While no Viking food can be had around these areas, you definitely can get Newfoundland food. Most prevalently, there are jams and preserves made of partridgeberries, squashberries, blueberries, bakeapples (cloudberries)… you name it, you don’t name it, it’s there. I’ve never even heard of some of them, but they’re all delicious, and you can get them in ice cream too. There’s fish and brewis — dried salted cod (which I did find hanging outside a few households) and hard tack (dry bread as tough as a brick) are soaked overnight then boiled, mashed together, and served with scrunchions. Delicious, but a little overwhelming and samey if you have a giant (and I mean giant, cause that’s the only portion size you get) plate of it.
This being the end of my stay in Newfoundland, I was a little bit disappointed that I didn’t see as many moose as people all over the island said I would! So, for my last meal out, I thought I’d bring one to my plate… Moose burgers are delicious, and they taste a bit like lean beef with a hint of gaminess.
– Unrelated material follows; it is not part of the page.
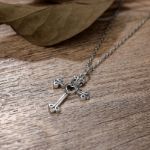 Bortwide "Heart & Crown" Cross Sterling Silver Necklace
I gotta say, I had a very packed two weeks, driving all over, and yet there’s still so much left to see and try — I didn’t hit the south coast, didn’t cross to Labrador, missed out on iceberg season, and most importantly, I didn’t even get screeched in! Furthermore, with how friendly people were everywhere, every single place I went this time, I’d love to go back to. There’s no doubt about it, I’ll be returning to Newfoundland!